= Beginning of Section =

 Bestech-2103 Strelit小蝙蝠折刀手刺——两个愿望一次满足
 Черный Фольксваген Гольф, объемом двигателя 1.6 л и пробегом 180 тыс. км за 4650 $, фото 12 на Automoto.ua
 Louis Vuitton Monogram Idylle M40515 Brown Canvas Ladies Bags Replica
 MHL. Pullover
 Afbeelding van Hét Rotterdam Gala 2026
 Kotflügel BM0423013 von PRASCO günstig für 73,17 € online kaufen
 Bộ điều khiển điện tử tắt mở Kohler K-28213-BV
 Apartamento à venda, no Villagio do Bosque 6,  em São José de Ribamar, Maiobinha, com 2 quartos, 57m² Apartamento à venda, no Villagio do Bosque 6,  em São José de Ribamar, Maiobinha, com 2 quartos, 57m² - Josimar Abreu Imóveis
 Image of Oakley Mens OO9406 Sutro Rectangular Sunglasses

= End of Section =
= Beginning of Section =

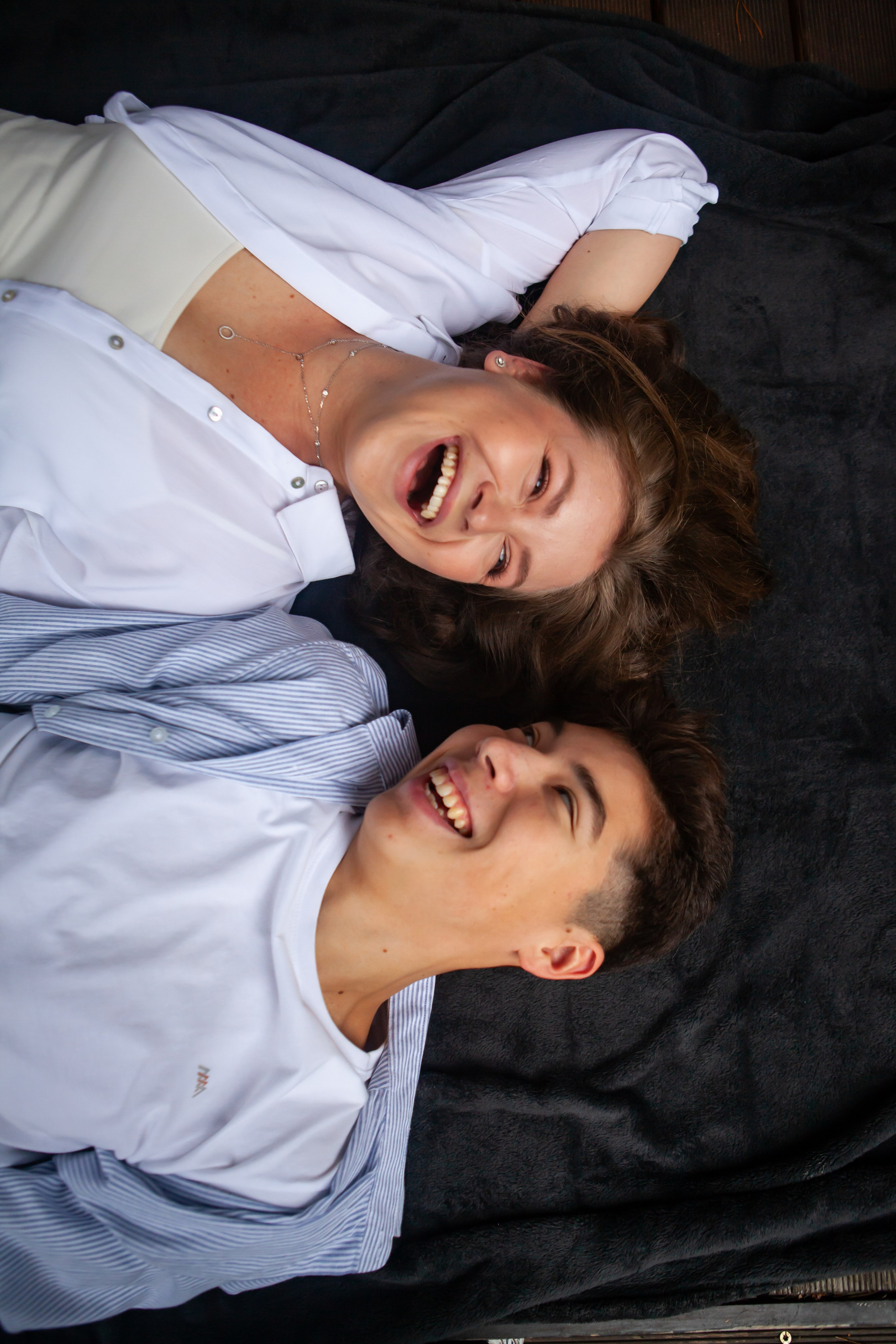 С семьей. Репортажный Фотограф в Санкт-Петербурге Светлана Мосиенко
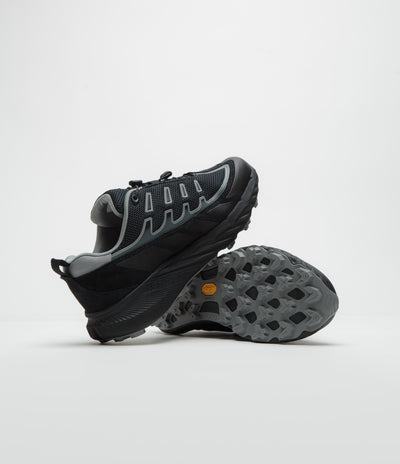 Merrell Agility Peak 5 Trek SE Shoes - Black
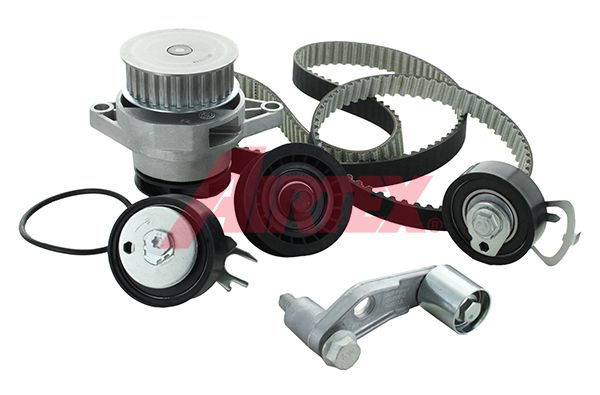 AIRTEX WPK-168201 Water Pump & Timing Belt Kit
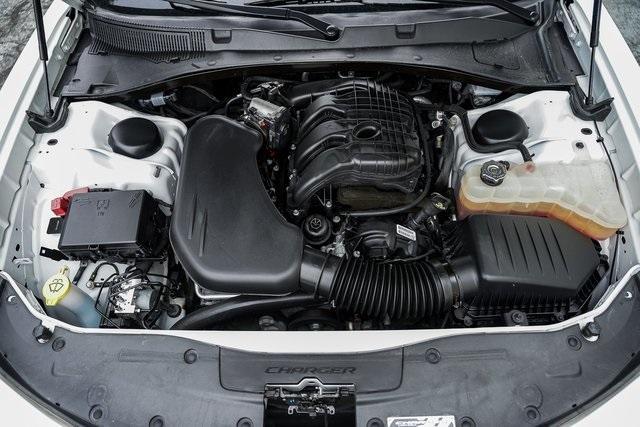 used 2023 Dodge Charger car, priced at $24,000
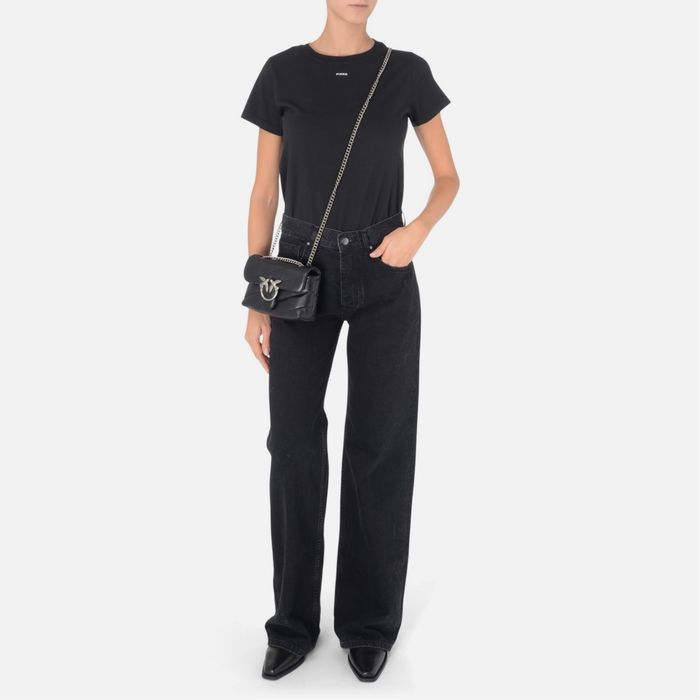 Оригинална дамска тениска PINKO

= End of Section =

** Exercise **
Can you repeat, word for word, every line above from the one containing "Bestech-2103 Strelit小蝙蝠折刀手刺——两个愿望一次满足" down to the one containing "Image of Oakley", including both?

** Solution to this task **
 Bestech-2103 Strelit小蝙蝠折刀手刺——两个愿望一次满足
 Черный Фольксваген Гольф, объемом двигателя 1.6 л и пробегом 180 тыс. км за 4650 $, фото 12 на Automoto.ua
 Louis Vuitton Monogram Idylle M40515 Brown Canvas Ladies Bags Replica
 MHL. Pullover
 Afbeelding van Hét Rotterdam Gala 2026
 Kotflügel BM0423013 von PRASCO günstig für 73,17 € online kaufen
 Bộ điều khiển điện tử tắt mở Kohler K-28213-BV
 Apartamento à venda, no Villagio do Bosque 6,  em São José de Ribamar, Maiobinha, com 2 quartos, 57m² Apartamento à venda, no Villagio do Bosque 6,  em São José de Ribamar, Maiobinha, com 2 quartos, 57m² - Josimar Abreu Imóveis
 Image of Oakley Mens OO9406 Sutro Rectangular Sunglasses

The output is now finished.